I found his insight more than just interesting. I also found it sobering.

  1. We can ignore his observation, or we can emotionally react to his observation, or we can be sobered by his observation.
    1. That observation came about a decade ago.
      1. I personally can remember struggling with the same understanding more than 30 years ago.
      2. That is not a new phenomena; it is a decades old reality.
        1. In past years it was a problem.
        2. Today it is a crisis.
      3. If you are tempted to say, "In no way is that a crisis; that is just a kids' problem," let me ask you to put the situation in perspective.
        1. The teens who struggled with the same situation that I knew almost 40 years ago are now well over 50 years old, and many of them do not even pretend to be Christians.
        2. The teens my son spoke of 10 years ago are now all in their twenties, and you can be certain many of them do not pretend to be Christians.
      4. For years we have had a lot of teens who hated worship assemblies.
        1. When they reached age 21 they did not suddenly love worship assemblies.
        2. They became adults who hated worship assemblies.
        3. Do you personally know someone like that?
    2. We can ignore that situation.
      1. We can think it is just a few Christians who feel that way.
      2. We can even think only weird Christians feel that way.
      3. We can even ignore that fact when our children feel that way.
    3. Or, we can emotionally react to the situation.
      1. We can get angry because anyone discusses the situation.
      2. We can refuse to make any effort to understand the situation or the needs.
      3. In our strong feelings we can label the whole situation as ridiculous and refuse to be a part of any discussion.
    4. Or, we can be sobered by the reality that creates actual spiritual needs.
      1. We can admit to ourselves, "I need to understand what is happening."
      2. "I cannot be blind to what is happening any longer--I must look at the situation honestly."
        1. "When I look around, it is obvious that a whole lot of people are not here."
        2. "It is equally obvious that far too many Christians I know are spiritually inadequate to handle life."
        3. "I cannot keep living in the church like there are no unmet spiritual needs."

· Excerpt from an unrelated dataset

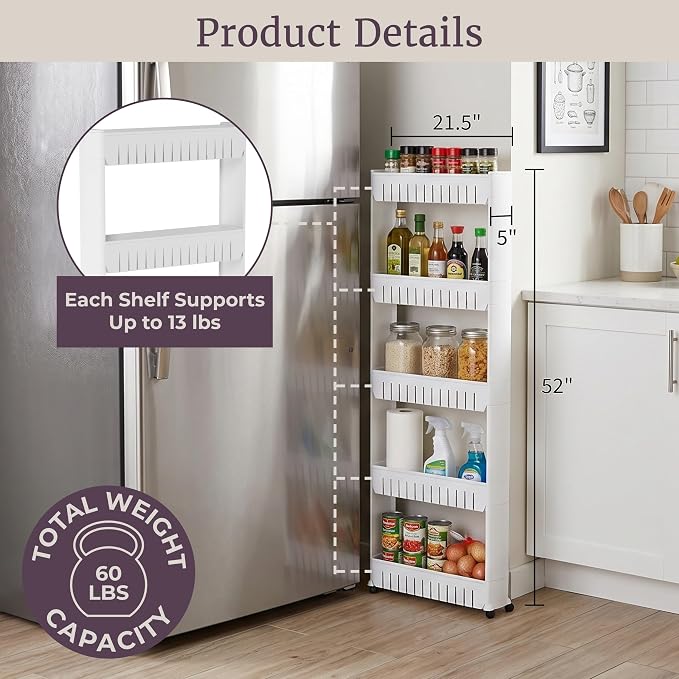Slim Rolling Storage Cart - Image 4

  2. As Christians, why do we do what we do? What is the bottom line?
    1. Look at all the things we do.
      1. We build buildings.
      2. We have programs.
      3. We encourage Bible study.
      4. We fund missionaries.
      5. We hire staffs.
      6. We appoint leadership.
      7. We assemble several times every week.
    2. Why do we do all that--and more?
      1. Is there a reason for doing those things?
      2. Is there a bottom line objective?
      3. What are we trying to accomplish? Are we trying to do something more significant than perpetuate ourselves, our preferences, and our traditions?
    3. Read with me.
      Ephesians 4:14-16 As a result, we are no longer to be children, tossed here and there by waves and carried about by every wind of doctrine, by the trickery of men, by craftiness in deceitful scheming; but speaking the truth in love, we are to grow up in all aspects into Him who is the head, even Christ, from whom the whole body, being fitted and held together by what every joint supplies, according to the proper working of each individual part, causes the growth of the body for the building up of itself in love.
      1. Bottom line: the objective of the Christian community is to nurture every Christian toward spiritual maturity in Jesus Christ.
      2. Bottom line: in the Christian community, no Christian is a "write off."

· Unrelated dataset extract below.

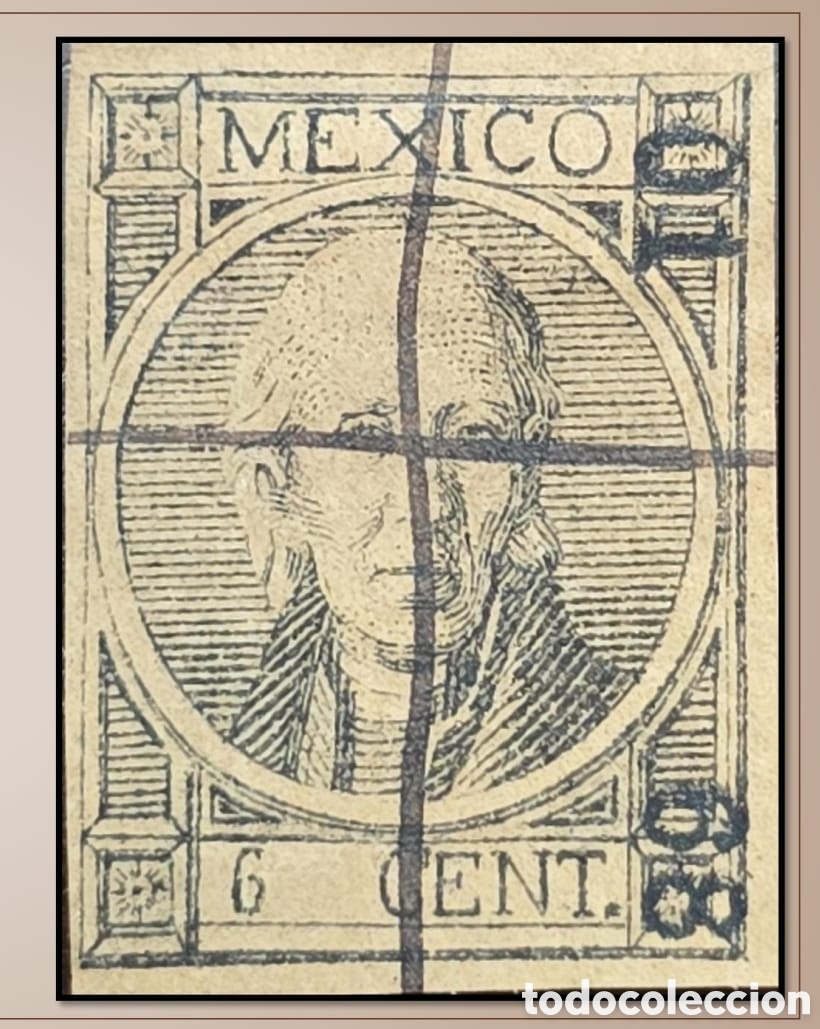 Sellos: SM4)1868 M&eacute;xico.Imperforate 6 centavos Hidalgo without dot with manuscript cancellation. Scott: 58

    [Here Ted Edwards shared a new initiative to spiritually nurture our children in our Gateway program. Follow this link to read and view the presentation. Then press the "Back" button on your Web browser to return and finish this sermon.]

  3. Consider two statements.
    1. Thousands of years ago Moses under the guidance of God's Spirit wrote these words:
      Deuteronomy 6:4-9 Hear, O Israel! The Lord is our God, the Lord is one! You shall love the Lord your God with all your heart and with all your soul and with all your might. These words, which I am commanding you today, shall be on your heart. You shall teach them diligently to your sons and shall talk of them when you sit in your house and when you walk by the way and when you lie down and when you rise up. You shall bind them as a sign on your hand and they shall be as frontals on your forehead. You shall write them on the doorposts of your house and on your gates.
    2. Almost two thousand years ago Paul under the guidance of God's Spirit wrote these words:
      Ephesians 6:4 Fathers, do not provoke your children to anger, but bring them up in the discipline and instruction of the Lord.
      Colossians 3:21 Fathers, do not exasperate your children, so that they will not lose heart.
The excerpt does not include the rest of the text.